Safety-related driver assistance systems are becoming mainstream and nowadays many automobile manufacturers include them as standard equipment. For example, pedestrian protection systems are already available in a number of commercial vehicles. However, there is still work to do in the improvement of the accuracy of these systems since the difference between an effective and a non-effective intervention can depend on a few centimeters or on a fraction of a second. In this paper, we use the 3D pedestrian body language in order to perform accurate pedestrian path prediction by means of action classification. To carry out the prediction, we propose the use of GPDM (Gaussian Process Dynamical Models) that reduces the high dimensionality of the input vector in the 3D pose space and learns the pedestrian dynamics in a latent space.

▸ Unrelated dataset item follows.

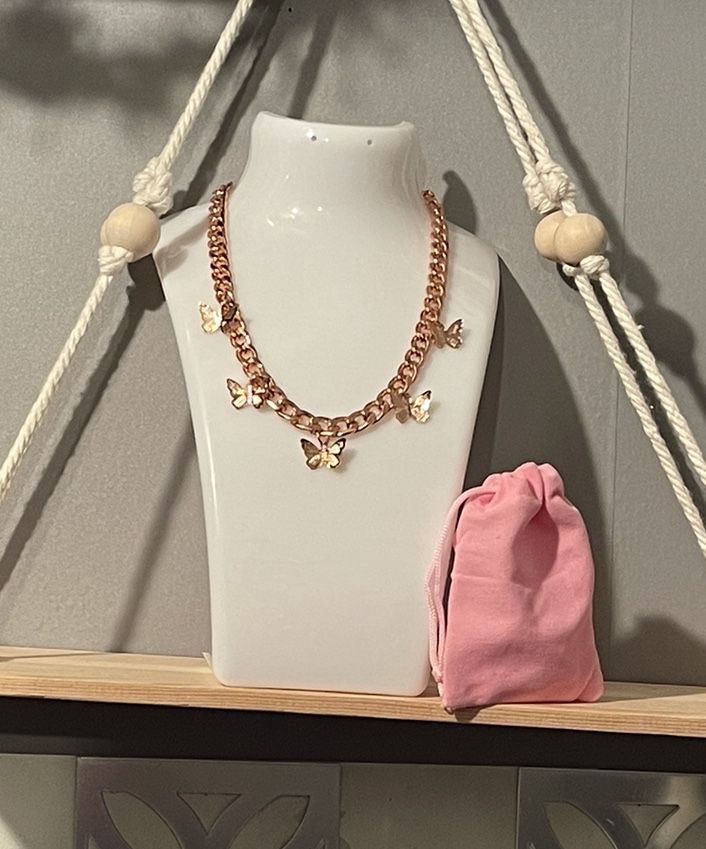 Rose Gold Butterflies Necklace With Pink Bag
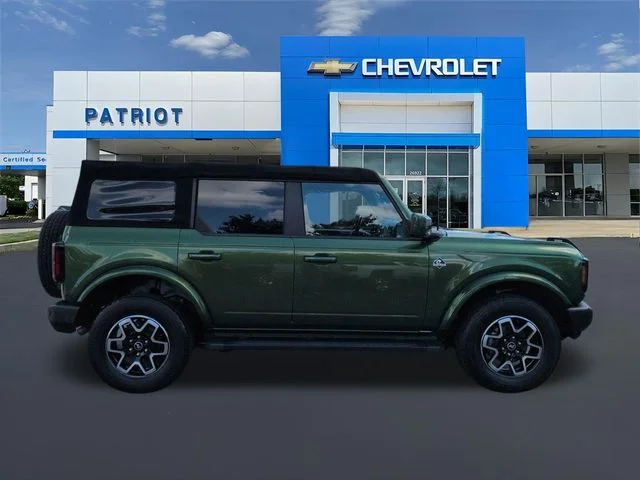 Used 2022 Green Ford Outer Banks image 11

Instead of combining a reduced number of subjects in a single model that will have to deal with the stylistic variations, we propose a much more scalable approach where all the subjects are separately trained in individual models. These models will be then hierarchically separated according to their action (walking, starting, standing, stopping) and direction of the motion. Finally, for a test sequence, the appropiate model will be selected by means of an action classification system based on the similarity of the 3D poses transitions and the joints velocities. The estimated action will constrain the models to use for the prediction, taking into account only the ones trained for that action. Experimental results show that the system has the potential to provide accurate path predictions with mean errors of 7 cm, for walking trajectories, 20 cm, for stopping trajectories and 14 cm for starting trajectories, at a time horizon of 1 s.